#### What to work on
Each line from the first down to the one containing "민소매 모델 착용 이미지-S1L33" should be returned exactly as it appears below.

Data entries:
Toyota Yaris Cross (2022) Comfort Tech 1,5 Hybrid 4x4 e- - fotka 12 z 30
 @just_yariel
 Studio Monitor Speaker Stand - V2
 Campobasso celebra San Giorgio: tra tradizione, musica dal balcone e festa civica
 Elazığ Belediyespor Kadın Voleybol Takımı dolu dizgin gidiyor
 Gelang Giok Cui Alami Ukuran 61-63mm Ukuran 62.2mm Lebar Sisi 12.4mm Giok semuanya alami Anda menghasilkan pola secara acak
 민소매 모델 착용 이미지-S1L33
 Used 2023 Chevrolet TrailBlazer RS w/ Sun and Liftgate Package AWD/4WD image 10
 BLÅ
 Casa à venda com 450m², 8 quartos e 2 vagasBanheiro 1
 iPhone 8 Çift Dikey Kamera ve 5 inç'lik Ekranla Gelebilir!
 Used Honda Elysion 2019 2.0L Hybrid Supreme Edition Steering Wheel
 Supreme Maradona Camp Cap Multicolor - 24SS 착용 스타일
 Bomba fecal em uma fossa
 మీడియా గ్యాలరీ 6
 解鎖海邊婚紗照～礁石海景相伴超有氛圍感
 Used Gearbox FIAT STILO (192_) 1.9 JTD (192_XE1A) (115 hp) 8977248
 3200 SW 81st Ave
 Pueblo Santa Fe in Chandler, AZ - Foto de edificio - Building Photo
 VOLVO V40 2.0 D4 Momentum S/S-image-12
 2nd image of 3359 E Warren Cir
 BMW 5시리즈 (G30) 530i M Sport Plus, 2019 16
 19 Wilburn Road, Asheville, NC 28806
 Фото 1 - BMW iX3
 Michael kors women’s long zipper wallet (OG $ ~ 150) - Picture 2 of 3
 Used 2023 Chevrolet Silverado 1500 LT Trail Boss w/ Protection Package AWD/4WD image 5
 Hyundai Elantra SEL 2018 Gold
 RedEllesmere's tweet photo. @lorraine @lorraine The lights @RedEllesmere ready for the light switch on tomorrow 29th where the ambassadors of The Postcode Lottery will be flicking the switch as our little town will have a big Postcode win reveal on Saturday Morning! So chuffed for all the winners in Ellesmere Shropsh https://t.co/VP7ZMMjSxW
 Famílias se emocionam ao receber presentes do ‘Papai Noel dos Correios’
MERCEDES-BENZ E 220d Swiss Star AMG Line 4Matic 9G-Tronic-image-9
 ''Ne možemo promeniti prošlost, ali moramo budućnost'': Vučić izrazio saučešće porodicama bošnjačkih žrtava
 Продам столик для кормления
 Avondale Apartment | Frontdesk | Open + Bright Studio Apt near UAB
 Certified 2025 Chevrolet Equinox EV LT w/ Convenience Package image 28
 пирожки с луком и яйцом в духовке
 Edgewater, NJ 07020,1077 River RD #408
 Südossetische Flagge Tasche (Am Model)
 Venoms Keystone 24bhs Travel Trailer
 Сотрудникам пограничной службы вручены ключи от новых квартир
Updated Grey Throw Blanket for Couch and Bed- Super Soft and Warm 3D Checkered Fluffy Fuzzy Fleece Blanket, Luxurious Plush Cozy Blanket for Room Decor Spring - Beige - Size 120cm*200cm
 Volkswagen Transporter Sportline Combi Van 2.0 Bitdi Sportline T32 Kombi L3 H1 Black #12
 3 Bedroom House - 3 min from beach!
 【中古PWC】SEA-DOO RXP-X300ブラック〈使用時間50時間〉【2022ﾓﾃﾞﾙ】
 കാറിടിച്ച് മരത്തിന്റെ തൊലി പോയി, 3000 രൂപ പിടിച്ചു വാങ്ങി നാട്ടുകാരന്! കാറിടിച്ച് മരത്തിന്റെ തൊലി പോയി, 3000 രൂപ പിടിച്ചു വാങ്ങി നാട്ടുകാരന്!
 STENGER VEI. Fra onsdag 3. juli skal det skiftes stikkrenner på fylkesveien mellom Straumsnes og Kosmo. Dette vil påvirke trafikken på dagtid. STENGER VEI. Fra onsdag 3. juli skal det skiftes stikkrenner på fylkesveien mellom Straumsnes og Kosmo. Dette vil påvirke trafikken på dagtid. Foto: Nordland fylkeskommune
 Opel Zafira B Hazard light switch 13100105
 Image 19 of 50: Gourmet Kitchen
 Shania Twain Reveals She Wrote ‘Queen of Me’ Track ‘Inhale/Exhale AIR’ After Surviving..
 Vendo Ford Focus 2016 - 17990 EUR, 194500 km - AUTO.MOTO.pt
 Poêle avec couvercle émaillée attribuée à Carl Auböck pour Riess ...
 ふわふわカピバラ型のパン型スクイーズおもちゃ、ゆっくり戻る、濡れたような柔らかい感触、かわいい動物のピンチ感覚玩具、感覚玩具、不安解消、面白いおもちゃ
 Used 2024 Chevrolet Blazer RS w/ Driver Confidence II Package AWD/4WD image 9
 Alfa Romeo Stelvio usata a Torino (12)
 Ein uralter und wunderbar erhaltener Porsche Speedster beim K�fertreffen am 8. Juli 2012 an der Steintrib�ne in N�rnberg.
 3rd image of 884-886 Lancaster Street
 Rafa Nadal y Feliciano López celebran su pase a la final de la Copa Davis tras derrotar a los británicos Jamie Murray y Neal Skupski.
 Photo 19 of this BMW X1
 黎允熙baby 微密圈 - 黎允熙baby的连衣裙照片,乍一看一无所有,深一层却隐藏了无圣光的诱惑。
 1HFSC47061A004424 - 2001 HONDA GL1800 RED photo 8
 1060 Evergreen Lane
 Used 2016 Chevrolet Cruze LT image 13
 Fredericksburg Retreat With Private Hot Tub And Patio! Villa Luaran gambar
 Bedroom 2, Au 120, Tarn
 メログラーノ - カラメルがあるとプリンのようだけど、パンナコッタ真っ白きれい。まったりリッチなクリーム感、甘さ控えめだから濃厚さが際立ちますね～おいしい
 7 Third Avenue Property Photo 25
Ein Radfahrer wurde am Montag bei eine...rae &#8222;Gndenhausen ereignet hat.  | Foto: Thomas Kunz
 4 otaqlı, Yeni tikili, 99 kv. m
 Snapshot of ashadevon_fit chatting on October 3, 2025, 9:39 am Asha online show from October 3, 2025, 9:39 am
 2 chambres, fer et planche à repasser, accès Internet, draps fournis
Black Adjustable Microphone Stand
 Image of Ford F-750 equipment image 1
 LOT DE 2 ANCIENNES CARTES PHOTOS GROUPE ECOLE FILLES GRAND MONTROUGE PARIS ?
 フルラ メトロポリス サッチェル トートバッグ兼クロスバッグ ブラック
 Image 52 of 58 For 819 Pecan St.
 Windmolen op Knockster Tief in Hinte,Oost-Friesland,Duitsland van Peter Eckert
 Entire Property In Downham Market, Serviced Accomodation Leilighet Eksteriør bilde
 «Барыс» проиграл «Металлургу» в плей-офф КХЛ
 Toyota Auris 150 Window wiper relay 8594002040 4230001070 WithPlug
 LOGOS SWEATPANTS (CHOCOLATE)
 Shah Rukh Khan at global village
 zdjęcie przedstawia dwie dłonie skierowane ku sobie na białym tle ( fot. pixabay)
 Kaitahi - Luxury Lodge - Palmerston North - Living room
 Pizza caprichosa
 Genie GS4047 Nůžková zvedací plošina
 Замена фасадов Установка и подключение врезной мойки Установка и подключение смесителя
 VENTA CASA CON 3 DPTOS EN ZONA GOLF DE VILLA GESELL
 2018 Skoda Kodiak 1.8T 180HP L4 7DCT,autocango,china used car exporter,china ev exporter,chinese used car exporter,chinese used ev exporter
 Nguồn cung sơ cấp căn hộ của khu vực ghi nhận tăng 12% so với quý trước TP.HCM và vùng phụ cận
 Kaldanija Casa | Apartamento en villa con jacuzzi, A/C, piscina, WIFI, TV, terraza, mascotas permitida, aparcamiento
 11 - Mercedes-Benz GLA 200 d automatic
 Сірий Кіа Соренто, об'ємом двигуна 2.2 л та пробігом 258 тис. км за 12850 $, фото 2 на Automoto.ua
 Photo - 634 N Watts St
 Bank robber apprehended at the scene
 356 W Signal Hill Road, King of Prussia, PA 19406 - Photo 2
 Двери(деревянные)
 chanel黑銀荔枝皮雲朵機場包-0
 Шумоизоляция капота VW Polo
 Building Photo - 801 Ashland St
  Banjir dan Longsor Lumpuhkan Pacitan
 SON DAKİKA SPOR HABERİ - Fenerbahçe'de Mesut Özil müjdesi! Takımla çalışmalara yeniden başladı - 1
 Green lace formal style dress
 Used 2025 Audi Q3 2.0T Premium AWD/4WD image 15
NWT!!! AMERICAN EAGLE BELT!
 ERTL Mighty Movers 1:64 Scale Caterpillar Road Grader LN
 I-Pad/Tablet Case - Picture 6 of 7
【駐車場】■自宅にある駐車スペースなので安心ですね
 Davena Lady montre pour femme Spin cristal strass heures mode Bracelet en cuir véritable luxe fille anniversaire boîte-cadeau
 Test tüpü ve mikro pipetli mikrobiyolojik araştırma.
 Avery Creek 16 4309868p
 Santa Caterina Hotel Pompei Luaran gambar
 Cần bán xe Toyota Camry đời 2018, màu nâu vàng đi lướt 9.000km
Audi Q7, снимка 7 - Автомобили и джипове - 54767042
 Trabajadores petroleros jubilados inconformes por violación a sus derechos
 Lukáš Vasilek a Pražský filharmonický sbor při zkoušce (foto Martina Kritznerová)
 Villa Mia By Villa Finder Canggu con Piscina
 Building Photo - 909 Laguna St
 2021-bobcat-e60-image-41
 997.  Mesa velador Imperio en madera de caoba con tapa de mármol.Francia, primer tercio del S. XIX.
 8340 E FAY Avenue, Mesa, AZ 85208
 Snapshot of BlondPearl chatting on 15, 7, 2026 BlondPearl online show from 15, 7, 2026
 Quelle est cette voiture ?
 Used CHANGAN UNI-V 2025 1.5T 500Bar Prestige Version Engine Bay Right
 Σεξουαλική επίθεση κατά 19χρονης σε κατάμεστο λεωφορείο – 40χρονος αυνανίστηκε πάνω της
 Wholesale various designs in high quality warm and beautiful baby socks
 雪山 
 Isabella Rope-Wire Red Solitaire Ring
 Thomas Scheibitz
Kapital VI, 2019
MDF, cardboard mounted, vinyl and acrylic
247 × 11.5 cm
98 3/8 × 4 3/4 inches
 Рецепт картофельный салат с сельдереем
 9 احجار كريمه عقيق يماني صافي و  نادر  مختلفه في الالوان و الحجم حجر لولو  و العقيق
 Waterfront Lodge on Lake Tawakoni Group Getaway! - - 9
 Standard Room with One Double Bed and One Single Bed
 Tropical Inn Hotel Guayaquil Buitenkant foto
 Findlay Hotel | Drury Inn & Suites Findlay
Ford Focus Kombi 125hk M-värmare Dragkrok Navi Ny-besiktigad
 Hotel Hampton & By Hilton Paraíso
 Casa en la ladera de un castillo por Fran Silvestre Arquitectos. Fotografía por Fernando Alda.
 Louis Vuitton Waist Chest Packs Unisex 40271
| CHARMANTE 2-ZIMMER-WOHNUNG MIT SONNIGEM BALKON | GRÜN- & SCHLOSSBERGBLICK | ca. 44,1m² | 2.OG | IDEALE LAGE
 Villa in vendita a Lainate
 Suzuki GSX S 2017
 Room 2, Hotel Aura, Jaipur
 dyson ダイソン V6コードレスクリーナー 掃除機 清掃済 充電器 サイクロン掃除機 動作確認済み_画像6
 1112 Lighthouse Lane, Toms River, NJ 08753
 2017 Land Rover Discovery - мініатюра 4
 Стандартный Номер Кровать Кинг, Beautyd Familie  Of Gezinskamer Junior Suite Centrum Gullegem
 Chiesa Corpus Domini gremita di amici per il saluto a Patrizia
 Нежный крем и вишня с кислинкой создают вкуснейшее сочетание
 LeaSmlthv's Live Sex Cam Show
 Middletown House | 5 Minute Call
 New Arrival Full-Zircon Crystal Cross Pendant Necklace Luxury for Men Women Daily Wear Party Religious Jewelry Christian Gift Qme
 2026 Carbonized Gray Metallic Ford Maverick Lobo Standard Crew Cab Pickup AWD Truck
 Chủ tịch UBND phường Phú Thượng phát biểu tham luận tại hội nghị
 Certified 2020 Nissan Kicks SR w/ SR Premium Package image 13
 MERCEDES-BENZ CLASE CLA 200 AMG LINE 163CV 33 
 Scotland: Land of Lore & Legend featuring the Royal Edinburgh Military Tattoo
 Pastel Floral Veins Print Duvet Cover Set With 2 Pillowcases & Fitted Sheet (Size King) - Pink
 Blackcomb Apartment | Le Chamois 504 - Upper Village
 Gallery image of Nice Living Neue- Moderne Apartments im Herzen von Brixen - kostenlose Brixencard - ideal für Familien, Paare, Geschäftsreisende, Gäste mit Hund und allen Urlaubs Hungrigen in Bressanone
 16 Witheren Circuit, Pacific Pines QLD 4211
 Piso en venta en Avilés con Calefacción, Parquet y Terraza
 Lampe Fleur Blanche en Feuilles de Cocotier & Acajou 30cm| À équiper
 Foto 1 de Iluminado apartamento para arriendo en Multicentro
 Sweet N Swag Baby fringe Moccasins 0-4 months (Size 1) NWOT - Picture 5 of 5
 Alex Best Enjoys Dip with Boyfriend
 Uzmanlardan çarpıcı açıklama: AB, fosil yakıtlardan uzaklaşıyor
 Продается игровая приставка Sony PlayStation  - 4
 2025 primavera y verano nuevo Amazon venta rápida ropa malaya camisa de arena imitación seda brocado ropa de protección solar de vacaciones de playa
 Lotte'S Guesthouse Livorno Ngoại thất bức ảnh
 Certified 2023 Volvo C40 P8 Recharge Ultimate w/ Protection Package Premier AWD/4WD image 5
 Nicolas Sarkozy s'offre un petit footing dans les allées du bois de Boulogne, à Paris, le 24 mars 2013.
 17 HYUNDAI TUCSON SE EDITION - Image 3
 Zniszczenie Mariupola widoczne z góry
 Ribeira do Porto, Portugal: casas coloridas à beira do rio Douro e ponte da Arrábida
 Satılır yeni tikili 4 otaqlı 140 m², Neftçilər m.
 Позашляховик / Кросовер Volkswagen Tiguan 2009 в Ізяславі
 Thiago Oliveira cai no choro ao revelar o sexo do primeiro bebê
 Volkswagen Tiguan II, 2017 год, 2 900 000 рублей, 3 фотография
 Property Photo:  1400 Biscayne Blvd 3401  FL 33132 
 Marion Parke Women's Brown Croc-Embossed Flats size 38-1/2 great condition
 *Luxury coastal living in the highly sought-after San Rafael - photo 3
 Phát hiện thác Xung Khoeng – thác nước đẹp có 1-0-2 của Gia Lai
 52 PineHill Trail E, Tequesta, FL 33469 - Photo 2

#### Exercise output
Toyota Yaris Cross (2022) Comfort Tech 1,5 Hybrid 4x4 e- - fotka 12 z 30
 @just_yariel
 Studio Monitor Speaker Stand - V2
 Campobasso celebra San Giorgio: tra tradizione, musica dal balcone e festa civica
 Elazığ Belediyespor Kadın Voleybol Takımı dolu dizgin gidiyor
 Gelang Giok Cui Alami Ukuran 61-63mm Ukuran 62.2mm Lebar Sisi 12.4mm Giok semuanya alami Anda menghasilkan pola secara acak
 민소매 모델 착용 이미지-S1L33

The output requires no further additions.